Elementary Inquiry Questions

Q: What human right is the most important to you?


During third grade in our 6th unit third graders explored the rights of children around the world. We worked to explore the opportunities and challenges within communities that can shape children's lives. Many students were unaware that children and adults are afforded rights and that on some occasions people struggle to see that their rights are respected.

We began by looking at our rights as students and looked at the responsibilities that come with these rights. If we have the right to not be bullied, then don't we also have the responsibility to stand up to bullies, to not bully others and to ensure that others are not bullied?

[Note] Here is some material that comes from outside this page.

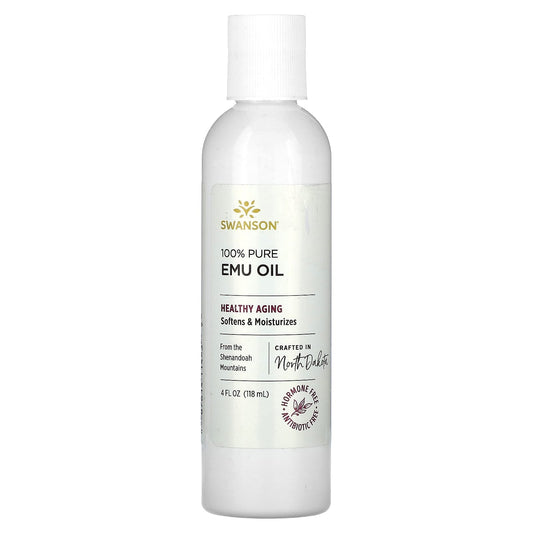 Swanson-100% Pure Emu Oil-4 fl oz (118 ml)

Next students looked at the UN and the UN charter of human rights. Students inquired into why each right was important, why the UN outlined our rights and the history of human rights. We explored the story of Malala and how she fought for her right to receive an education and we used Haiti as a case study looking at how after a devastating earthquake communities were struggling to ensure the rights of their citizens.

We then began our Humans of NIS project in which students interviewed members of the NIS community asking questions such as what right is most important to you? What responsibilities do you have that come with your rights? What challenges or opportunities do you have in your daily life and at school? What does it mean to be a citizen to you? What does it mean to be a member of the NIS community?

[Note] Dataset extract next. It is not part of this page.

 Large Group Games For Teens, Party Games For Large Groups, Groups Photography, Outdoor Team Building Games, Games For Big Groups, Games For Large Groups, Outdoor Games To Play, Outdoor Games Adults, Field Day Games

Students then took the responses from their interviews and wrote about their findings in our Humans of NIS project. We posted our findings on our bulletin board in the hallway outside the grade 3 classroom.  Students then chose the right they thought was the most important and made a short video teaching the NIS community about this right, explaining why they felt it is important and encouraging the community to stand up for this right for themselves and for others.

Action which the students took as a result of their inquiry was on the last week of school to sell small crafts that students made to raise money for Haiti.